| Data provided |
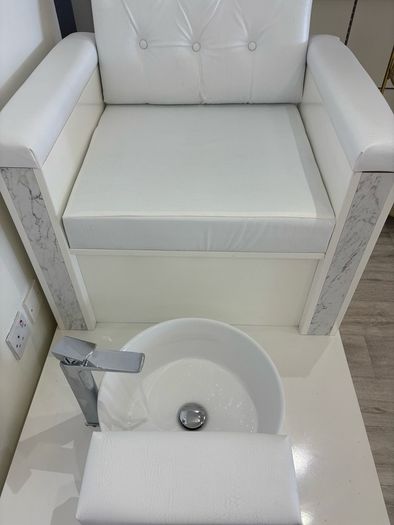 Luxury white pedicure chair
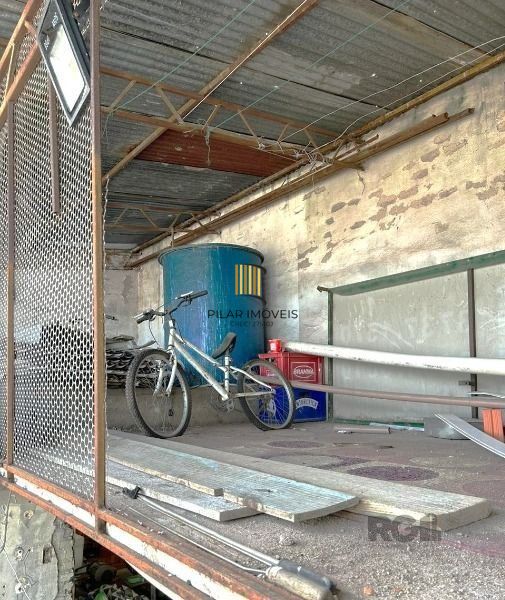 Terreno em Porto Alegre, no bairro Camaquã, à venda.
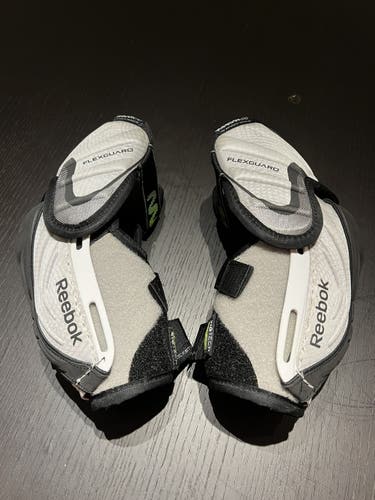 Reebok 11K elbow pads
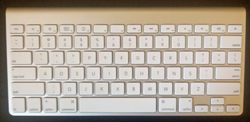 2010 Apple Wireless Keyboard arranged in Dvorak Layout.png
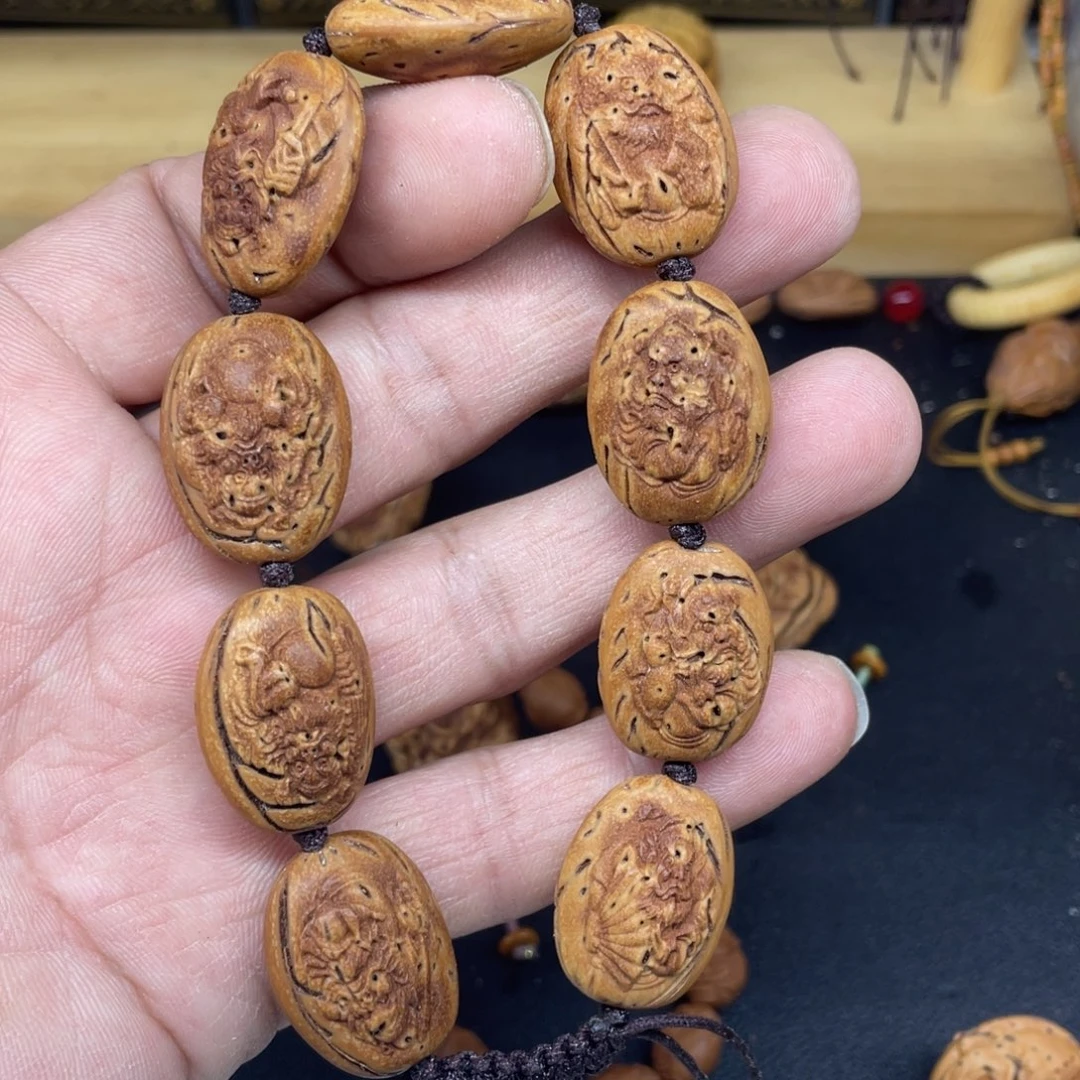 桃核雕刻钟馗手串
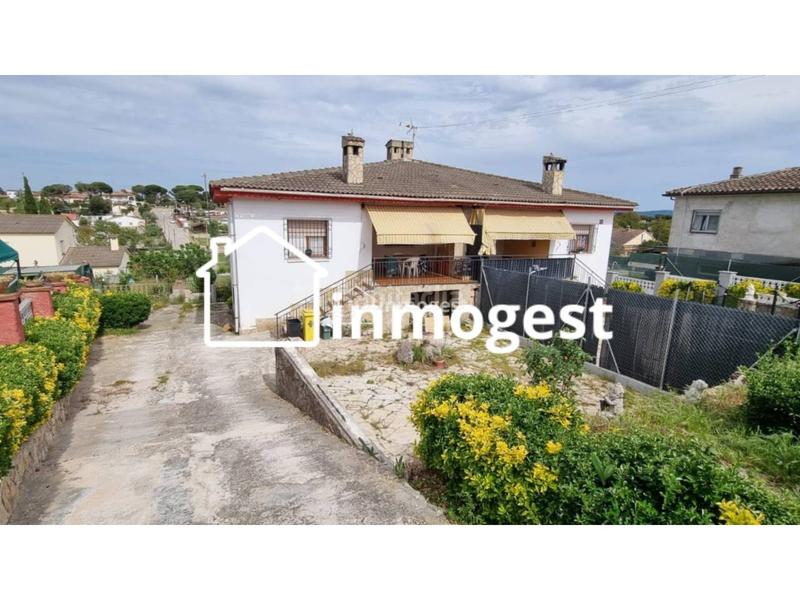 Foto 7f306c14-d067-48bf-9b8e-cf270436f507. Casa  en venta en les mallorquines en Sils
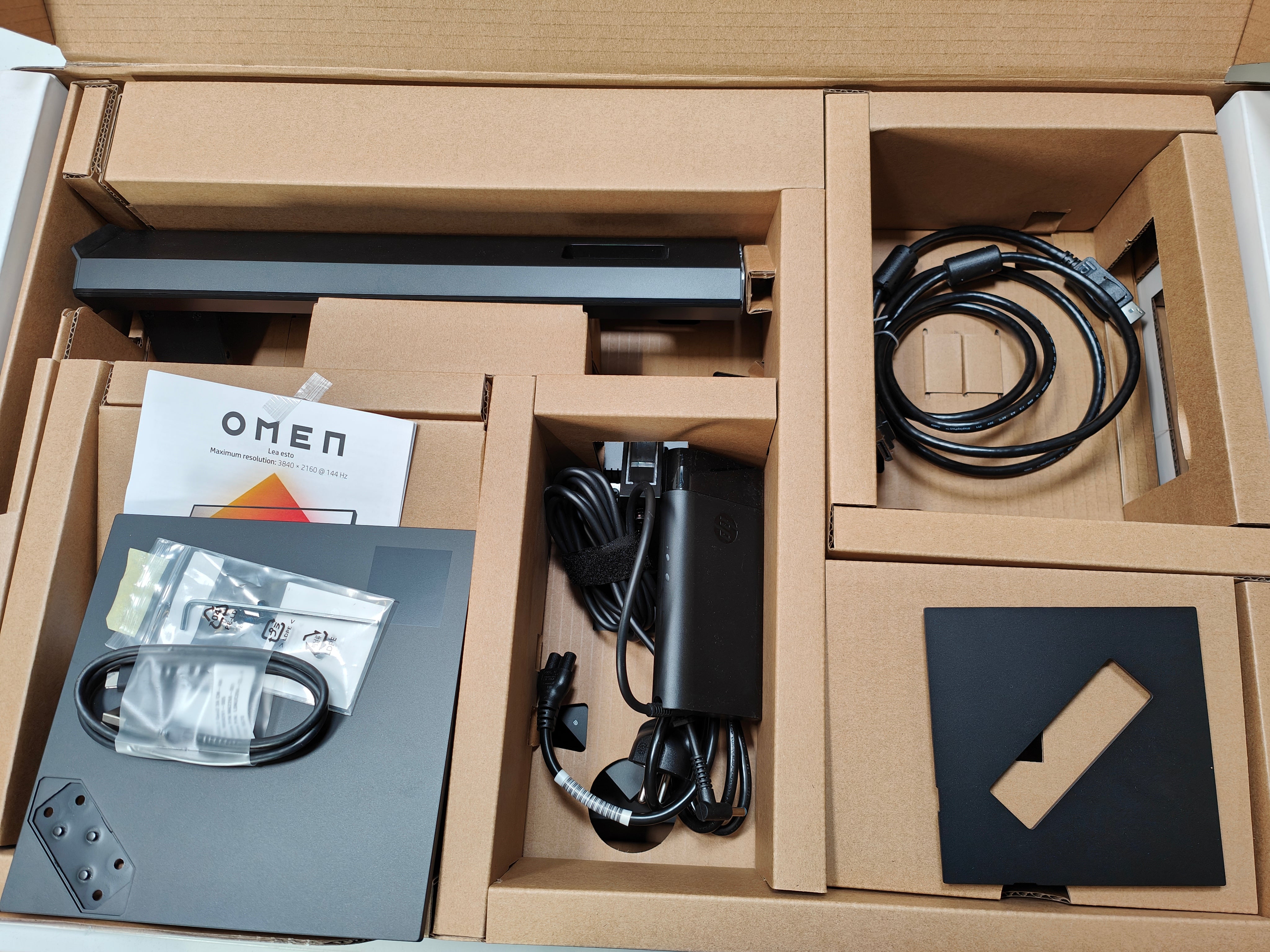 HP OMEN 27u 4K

| Your goal |
From the material above, set down each entry exactly, but exclude the pictures.

| The answer |
 Luxury white pedicure chair
 Terreno em Porto Alegre, no bairro Camaquã, à venda.
 Reebok 11K elbow pads
 2010 Apple Wireless Keyboard arranged in Dvorak Layout.png
 桃核雕刻钟馗手串
 Foto 7f306c14-d067-48bf-9b8e-cf270436f507. Casa  en venta en les mallorquines en Sils
 HP OMEN 27u 4K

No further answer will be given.